Des bottes de beurre de grande qualité à Echiré (Deux-Sèvres), le 17 mars 2015.
Des bottes de beurre de grande qualité à Echiré (Deux-Sèvres), le 17 mars 2015. (GUILLAUME SOUVANT / AFP)

La demande de matière première nécessaire à sa fabrication est en hausse dans les pays développés et dans les pays en développement. Les ruptures de stock sont ponctuelles en France.

"En raison d'une pénurie de lait français, nos fournisseurs ne sont pas en mesure d'honorer nos commandes de beurre", annonce, jeudi 19 octobre, une affichette dans un supermarché normand. Les professionnels le prédisaient depuis le printemps dernier, la France commence à manquer de beurre.

En cause, une hausse de la demande dans les pays développés et en développement due à un retour en grâce de la matière grasse animale, après trente ans de dédain de la part des nutritionnistes, et un goût prononcé pour les viennoiseries françaises au beurre.

Le prix de la tonne de beurre a presque triplé

En plus de cette explosion de la demande, la production laitière a aussi baissé en Nouvelle-Zélande, plus gros exportateur mondial, ainsi qu'en Europe, où la fin des quotas laitiers a provoqué une surproduction et donc une chute des cours poussant les éleveurs à réduire leurs tonnages.

Les prix ont explosé : payé 2 500 euros la tonne en avril 2016, les cours du beurre ont atteint 7 000 euros la tonne à l'été 2017. La hausse a touché de plein fouet l'industrie agroalimentaire qui a vu ses coûts exploser mais n'a pas pu pour autant les transférer dans la grande distribution, qui fixe les prix annuellement.

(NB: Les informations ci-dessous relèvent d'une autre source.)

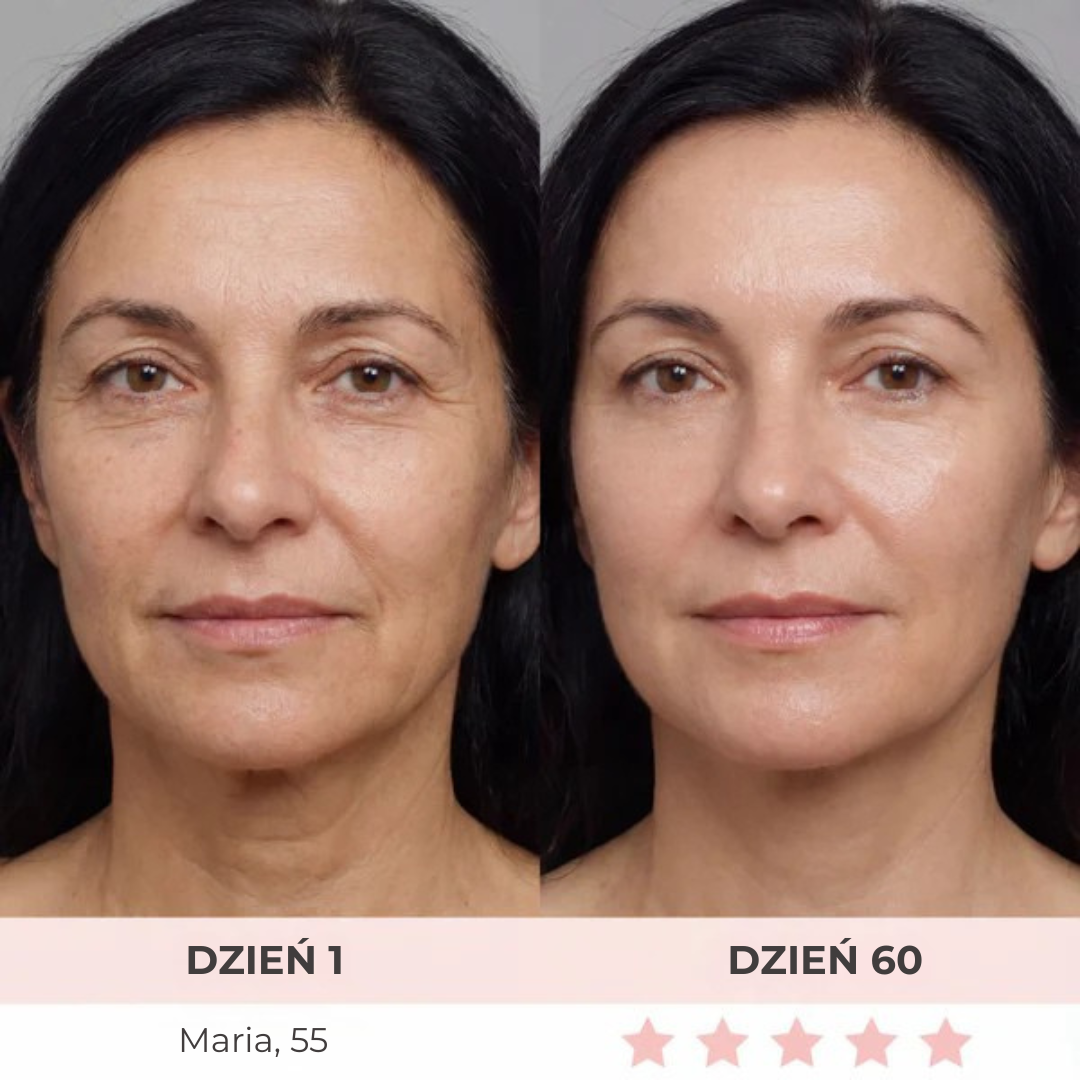 DermaLifting - masażer ze światłem led do liftingu twarzy i szyi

Il n'y a que des "pénuries ponctuelles, souvent liées à des problèmes de logistique, et à la population des gens un peu affolés qui en achètent plus que d'habitude", modère le directeur agriculture de la la Fédération du commerce et de la distribution (FCD). Mais, même s'il y a la possibilité pour les industriels de remplacer le beurre par de la margarine, "ce n'est pas possible sans dégrader la valeur gustative des produits", précise le délégué général de la Fédération des entreprises de boulangerie.